Because they don’t care as much about working set size as Apple does.

  • Sure, it is a tradeoff as basically every other technical choice.

    But we were talking about performance here, and especially in throughput, tracing GCs are much better.

    • Proof about throughput? Stating something as fact isn’t quite as strong as showing axes. Also performance has multiple axis for measuring: throughput, latency, memory usage, etc etc. Java eating all your memory and spending a non-trivial amount of overall CPU on a tracing collector which can negatively impact latency isn’t necessarily what people want efficiency wise where smearing that over total execution time tends to give better results.

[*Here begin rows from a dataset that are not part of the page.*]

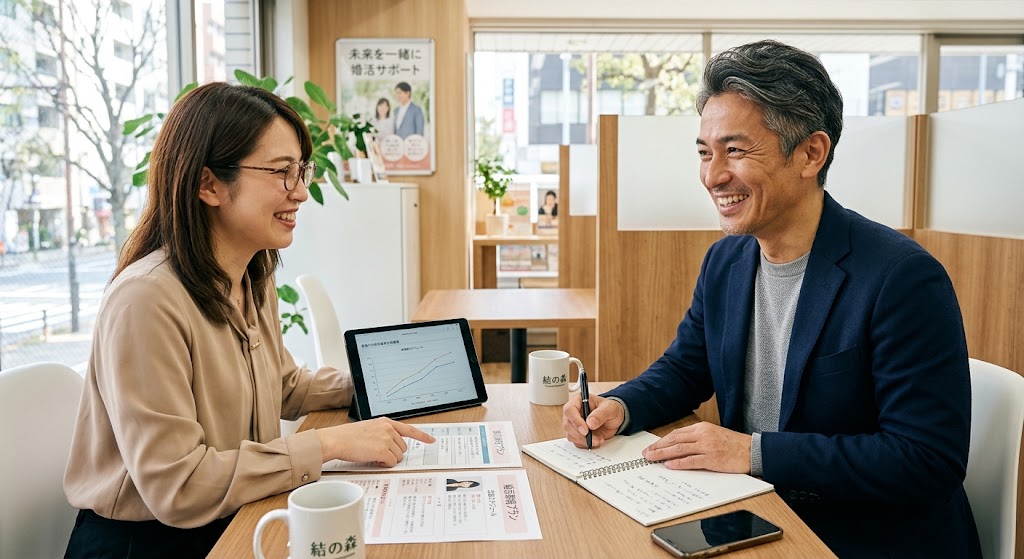 明るい相談所のブースで、40代男性が笑顔でメモを取りながら、目の前のアドバイザーと前向きに戦略を話し合っている写真。大人の余裕と積極性を感じさせる構図。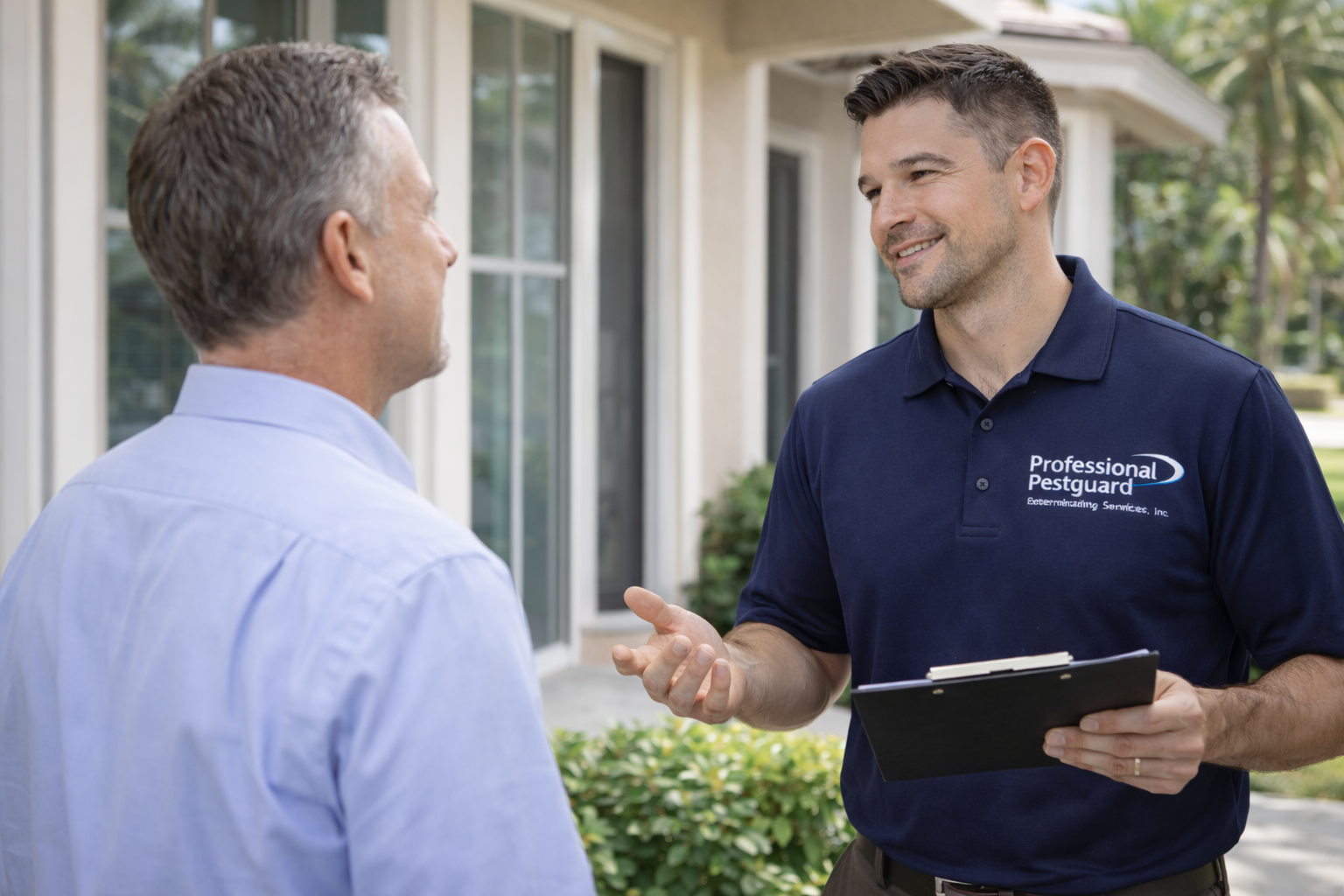 Man in blue shirt, holding clipboard, talking to another man outside a house.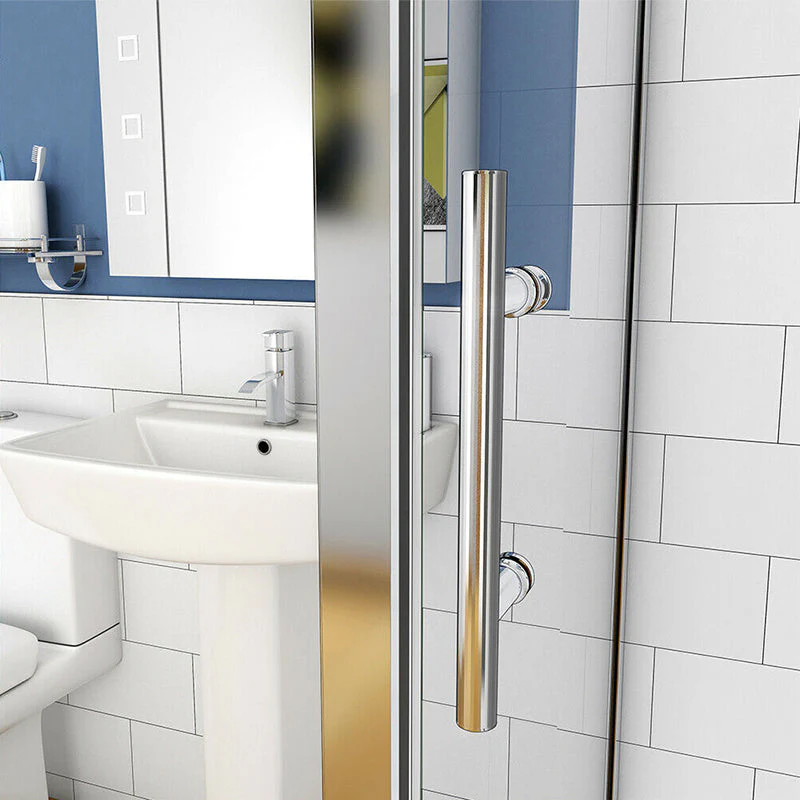 AICA Shower Enclosure chrome Double shower sliding door tempered glass - Image 3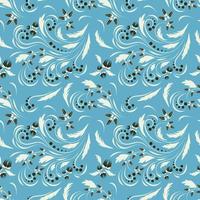 Folk floral art pattern  Flowers abstract surface design vector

      The main advantage from a tracing GC is that you have an easier programming model (which isn’t a trivial trade off) but the downside is that you don’t have deterministic destruction which can make certain programming paradigms difficult (yes Java introduced alternate mechanisms to get you there if you care but it feels like a 100% bolt on rather than something integrated more neatly and elegantly and most developers don’t actually care).

      6 replies →

this isn't fully true. Java is in the process of getting lxr which is uses both tracing and reference counting.

  • Yes and no. LXR is a highly optimized deferred and coalesced reference counting (amongst many other optimizations) GC and it looks nothing like the RC implementations you see in other languages like Python, Nim, Swift, etc. So yes, reference counting can be performant, _but_ only if you are using a deferred and coalesced implementation as otherwise the simple implementation requires atomic operations for every pointer read/write operation (though compilers could optimize it to use non-atomic operations when it's sure semantics are preserved).

    EDIT: The post you're responding to is referring to the simple standard implementation of RC.